● Task prompt
Please reproduce exactly the lines from the start of the records through the one containing "Used Nio ES7", and nothing more.

Data excerpts
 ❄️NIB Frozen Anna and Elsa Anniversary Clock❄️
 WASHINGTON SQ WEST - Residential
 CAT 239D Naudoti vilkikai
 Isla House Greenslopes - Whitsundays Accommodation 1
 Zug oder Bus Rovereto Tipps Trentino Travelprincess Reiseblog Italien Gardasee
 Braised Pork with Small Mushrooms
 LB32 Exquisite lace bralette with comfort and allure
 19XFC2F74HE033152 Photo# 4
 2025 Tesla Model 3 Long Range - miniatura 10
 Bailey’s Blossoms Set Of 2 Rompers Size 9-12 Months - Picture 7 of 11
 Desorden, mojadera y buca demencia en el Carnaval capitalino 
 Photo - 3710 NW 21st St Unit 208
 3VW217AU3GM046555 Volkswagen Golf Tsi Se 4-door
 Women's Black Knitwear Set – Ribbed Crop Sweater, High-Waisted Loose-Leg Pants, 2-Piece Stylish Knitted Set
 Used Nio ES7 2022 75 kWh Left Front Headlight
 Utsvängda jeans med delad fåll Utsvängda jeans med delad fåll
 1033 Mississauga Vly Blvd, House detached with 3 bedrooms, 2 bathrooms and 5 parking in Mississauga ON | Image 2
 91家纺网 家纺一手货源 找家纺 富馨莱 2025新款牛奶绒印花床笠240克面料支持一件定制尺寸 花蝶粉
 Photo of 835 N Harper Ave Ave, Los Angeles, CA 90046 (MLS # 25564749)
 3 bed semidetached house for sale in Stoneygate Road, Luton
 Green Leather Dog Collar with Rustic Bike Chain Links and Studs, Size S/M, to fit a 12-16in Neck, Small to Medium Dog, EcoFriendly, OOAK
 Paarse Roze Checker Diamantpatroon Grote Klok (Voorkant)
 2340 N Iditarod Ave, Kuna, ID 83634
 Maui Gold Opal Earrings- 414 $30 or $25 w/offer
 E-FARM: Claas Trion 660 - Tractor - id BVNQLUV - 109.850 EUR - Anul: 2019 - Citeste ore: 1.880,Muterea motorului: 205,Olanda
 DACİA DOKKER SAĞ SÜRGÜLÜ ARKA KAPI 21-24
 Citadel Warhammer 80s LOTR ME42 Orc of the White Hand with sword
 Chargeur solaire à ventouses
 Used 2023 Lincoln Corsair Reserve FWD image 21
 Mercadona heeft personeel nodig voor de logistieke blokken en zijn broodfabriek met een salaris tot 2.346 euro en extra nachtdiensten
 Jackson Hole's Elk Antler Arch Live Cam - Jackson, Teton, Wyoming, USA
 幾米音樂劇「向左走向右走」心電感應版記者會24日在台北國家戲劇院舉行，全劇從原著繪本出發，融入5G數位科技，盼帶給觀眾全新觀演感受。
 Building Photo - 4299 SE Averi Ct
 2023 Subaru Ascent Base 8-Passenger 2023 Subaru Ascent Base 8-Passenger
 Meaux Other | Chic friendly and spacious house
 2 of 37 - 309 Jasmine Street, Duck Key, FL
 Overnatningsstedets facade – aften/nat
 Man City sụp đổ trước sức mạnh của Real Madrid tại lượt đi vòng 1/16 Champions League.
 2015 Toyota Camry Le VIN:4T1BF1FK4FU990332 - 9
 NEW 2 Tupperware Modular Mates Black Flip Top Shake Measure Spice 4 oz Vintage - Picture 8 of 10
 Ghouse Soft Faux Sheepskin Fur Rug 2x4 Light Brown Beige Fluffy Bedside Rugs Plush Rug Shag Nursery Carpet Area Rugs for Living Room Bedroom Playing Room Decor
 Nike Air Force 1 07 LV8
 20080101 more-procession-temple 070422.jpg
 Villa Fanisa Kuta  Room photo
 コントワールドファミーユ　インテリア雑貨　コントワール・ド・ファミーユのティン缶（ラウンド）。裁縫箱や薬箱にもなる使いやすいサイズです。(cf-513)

● Answer to this exercise
 ❄️NIB Frozen Anna and Elsa Anniversary Clock❄️
 WASHINGTON SQ WEST - Residential
 CAT 239D Naudoti vilkikai
 Isla House Greenslopes - Whitsundays Accommodation 1
 Zug oder Bus Rovereto Tipps Trentino Travelprincess Reiseblog Italien Gardasee
 Braised Pork with Small Mushrooms
 LB32 Exquisite lace bralette with comfort and allure
 19XFC2F74HE033152 Photo# 4
 2025 Tesla Model 3 Long Range - miniatura 10
 Bailey’s Blossoms Set Of 2 Rompers Size 9-12 Months - Picture 7 of 11
 Desorden, mojadera y buca demencia en el Carnaval capitalino 
 Photo - 3710 NW 21st St Unit 208
 3VW217AU3GM046555 Volkswagen Golf Tsi Se 4-door
 Women's Black Knitwear Set – Ribbed Crop Sweater, High-Waisted Loose-Leg Pants, 2-Piece Stylish Knitted Set
 Used Nio ES7 2022 75 kWh Left Front Headlight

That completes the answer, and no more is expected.